Re: Building Sentry Systems
From: Benedikt Stockebrand (me_at_benedikt-stockebrand.de)
To: firstname.lastname@example.org Date: Wed, 10 Sep 2003 14:02:02 +0200
Hal Flynn <email@example.com> writes:
> [...] what I started thinking
> about is creating a self-contained system that functions independent of
> the cluster, and has access to all drives in the cabinet. The system
> stores integrity information locally, and acts as an audit host to monitor
> the integrity of files within the storage cabinet.
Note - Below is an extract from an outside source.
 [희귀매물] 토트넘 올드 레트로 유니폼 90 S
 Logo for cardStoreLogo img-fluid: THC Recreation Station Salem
> Is anybody familiar with any research in this area? Has anybody
> experimented with anything like this? I don't have access to any large
> cabinets to tinker with these days, so I don't have the ability to play
> with this on my own. I'd be interested in hearing about other similar
> research and experimentation.
How would you want to check integrity while the cluster nodes are
actually working on the data? This sounds like you either have to
notify your monitor about every intended write operation, which itself
sounds like a major performance hit and makes it necessary to take
into consideration that your monitor box may be down, or you wind up
with a load of race conditions and temporary inconsistencies.
As an additional note from some ("management") experience (I was
somewhere between the customer/project and the data center/operations
sides) with a range of cluster systems: These beasts are complex
enough as is, adding more complexity will only make it even more
likely that some sysadmin on call duty, called out in the middle of
the night and unfamiliar with the cluster in question, will end up
with a major fsckup.
In my opinion a more reasonable approach, if you can't avoid using a
cluster, is to make really sure a split brain won't happen. First
thing you do is make sure you actually follow the cluster specs and
don't take "shortcuts" using only a single heartbeat link or such.
Then you make sure that the redundancy is properly monitored. It
doesn't do to make sure that, yes, the data base is up and running.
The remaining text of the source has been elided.